10. They appreciate food and they know where it comes from. I know. Duh. It’s not exactly a secret that Italians are into food. But the second part of that sentence is actually more interesting (and important) than the first. Most cities around the world are totally delinked from the rural roots of agriculture. For most people, food comes from supermarkets. This is only going to get worse with runaway urbanization — by 2020, an average of 70% of all people will live in cities. Urban growth is particularly affecting developing countries, where 50 years ago most people lived on farms. Losing our ties to the countryside has all sorts of implications, such as the demise of the smallholder farmer, loss of food traditions, over-dependence on highly processed, fatty processed foods with delightful spin-offs like obesity, malnutrition and related problems like cardiovascular disease, cancer and type 2 diabetes. This is happening all over the world, the Western Foodie’s love for the farmers’ market notwithstanding.

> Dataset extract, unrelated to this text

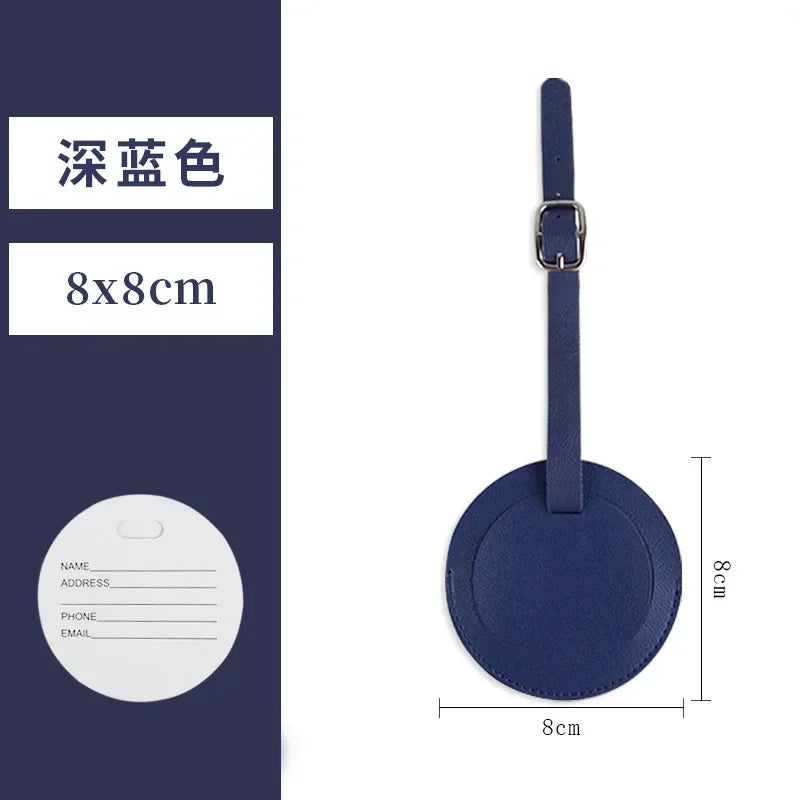 A dark blue PU leather luggage tag with a round shape and a metal clip.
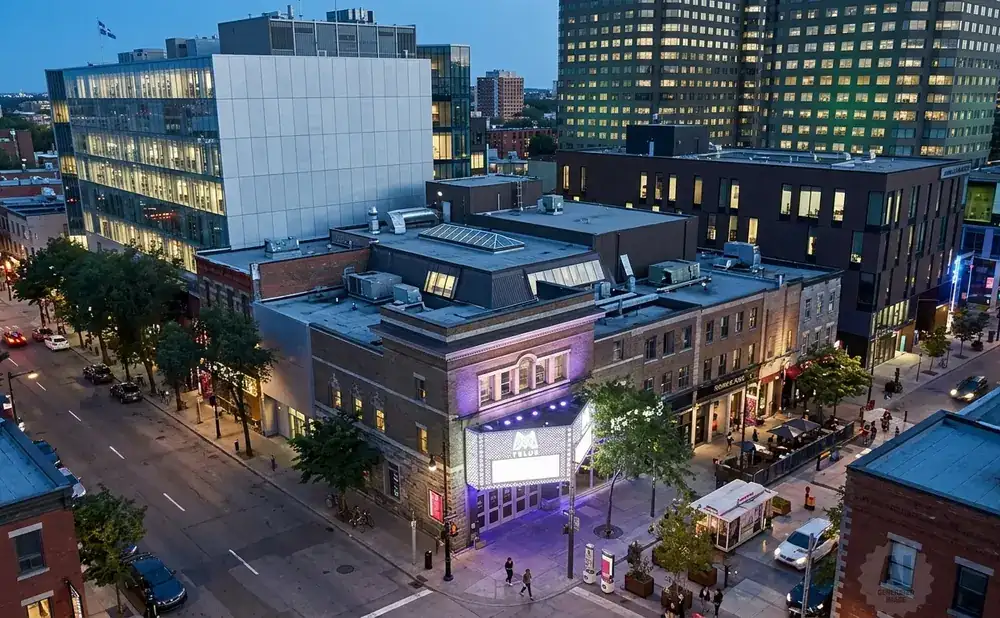 Aerial view of a street with buildings, cars, and people at dusk.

Rome and many other Italian cities have a closer connection to the origins of its food than do many developing countries where agriculture remains the most important economic sector.

Rome and many other Italian cities have a closer connection to the origins of its food than do many developing countries where agriculture remains the most important economic sector.

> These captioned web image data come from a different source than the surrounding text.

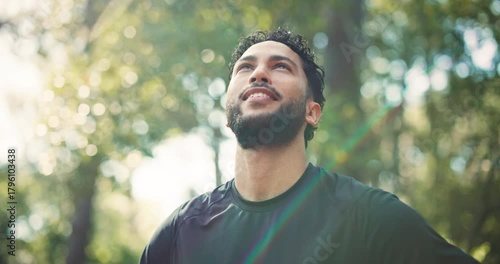 Thinking, hiking and man in woods, fitness and daydreaming with environment, smile and countryside. Happy, hiker or healthy person in forest, contemplation and adventure with eco tourism and trekking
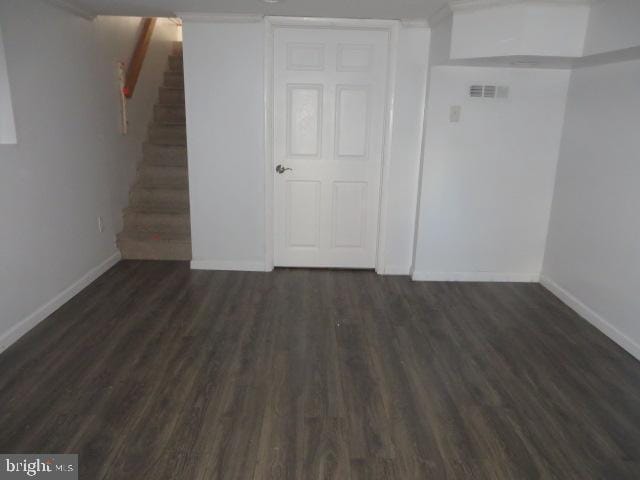 below grade area with stairway, dark wood finished floors, and baseboards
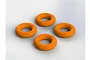 Four bright orange rubber O-rings arranged in a diamond pattern on a plain white background.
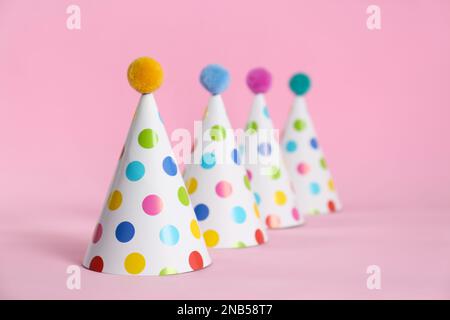 Colorful party hats with fluffy balls and blowers on pink background ...
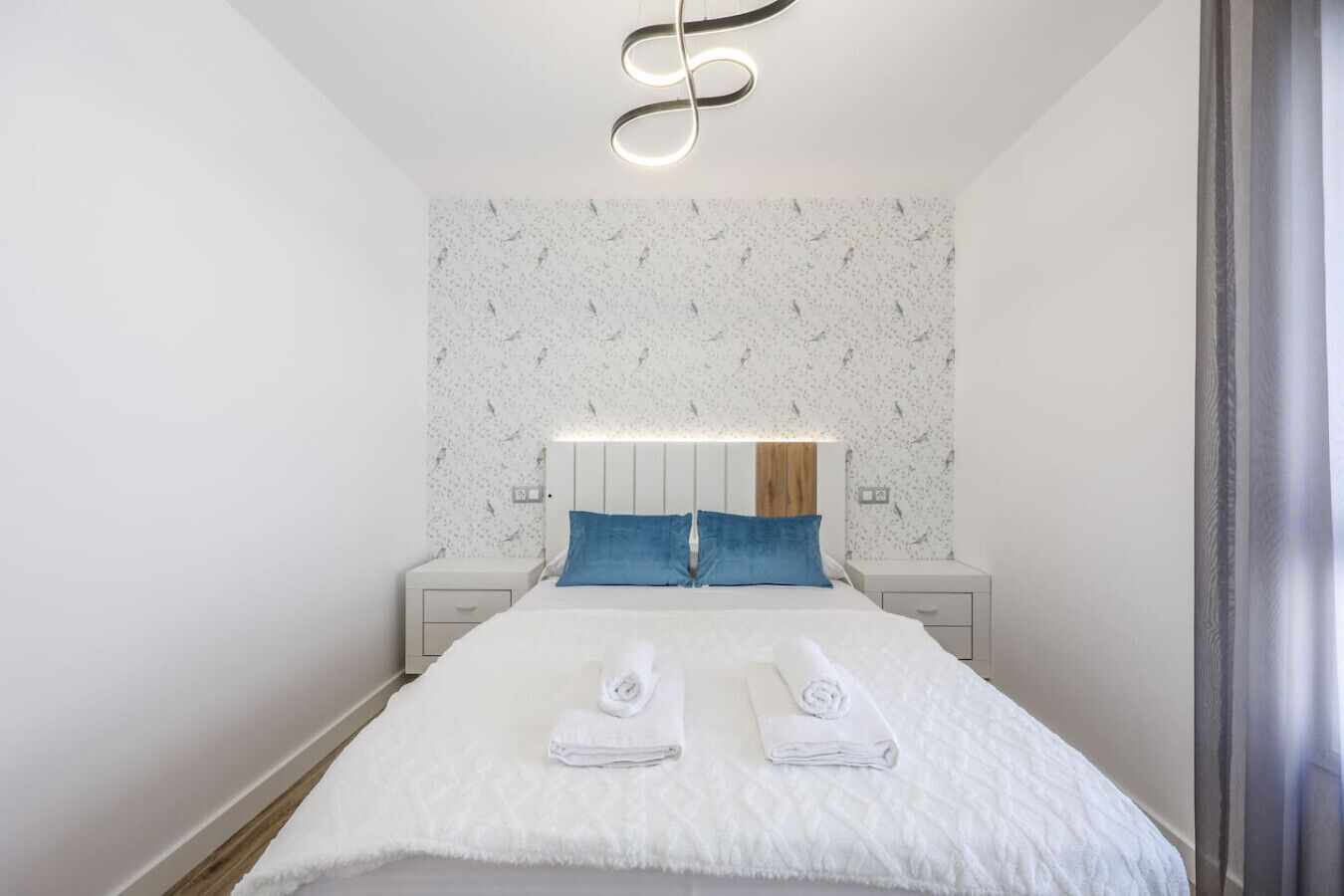 Una habitación de hotel moderna con cama, dos mesitas de noche, cabecero y una lámpara de techo original.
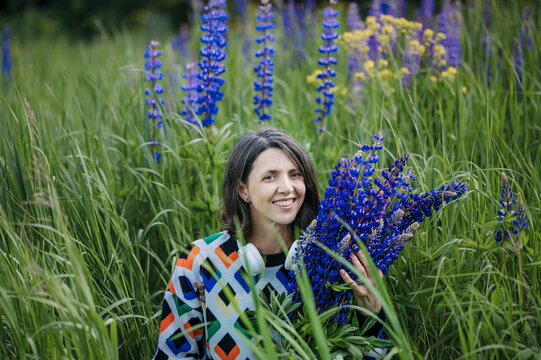 Smiling woman in sweater holds lupine flowers in a summer field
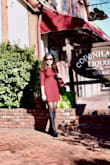 It fits comfortably. A little bit short but I pair it with tight and high knee boots. The combination is just perfect. I got a lot of compliments. :) - Alena D.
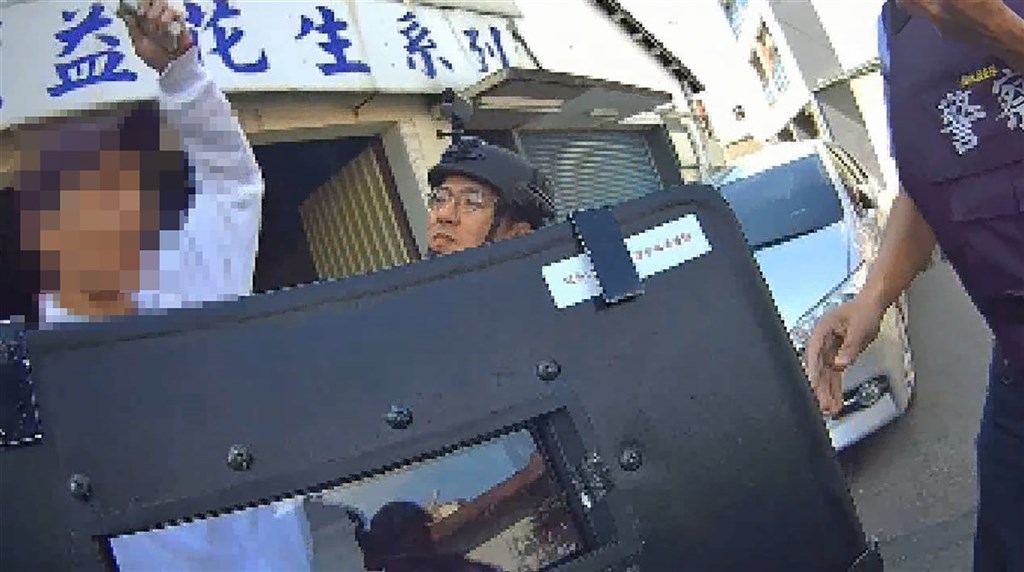 周姓男子在彰化縣某平房內私造槍枝、子彈及爆裂物遭警方圍捕。圖為民國113年2月周男手持遙控器威脅引爆爆裂物與警方對峙。（警方提供）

But it is happening less quickly in Italy. In Rome, at any rate, there is almost a continuum between city and country. Drive a half hour in any direction and you are deep in agricultural country. And there are agricultural pockets all through the city. I used to live in an apartment in central Rome that backed up onto an archeological site that the government ran out of money to dig. So farmers came in and grazed their sheep there. Villa Pamphili is dotted with blackberry bushes and fig, lemon and orange trees and there are always oldies out there gathering wild greens and mushrooms in plastic shopping bags. Supermarkets only became a thing about a decade ago and there are still tons of fresh fruit and vegetable shops, about eight in my immediate neighborhood alone, not to mention a big farmers’ market up the road. I also count four butchers within a five-minute walk.

Are things changing here? Of course. There are fast food places everywhere (although quite a few MacDonalds have closed down in the past few years), supermarkets are supplanting a lot of the mom and pop groceries of yore and there are a lot more microwaveable options than there were five years ago. But most Italians still believe in the importance of a regular home-cooked family meal based on fresh ingredients. And as long as they understand and connect to the roots of the food they eat, that’s not likely to change completely.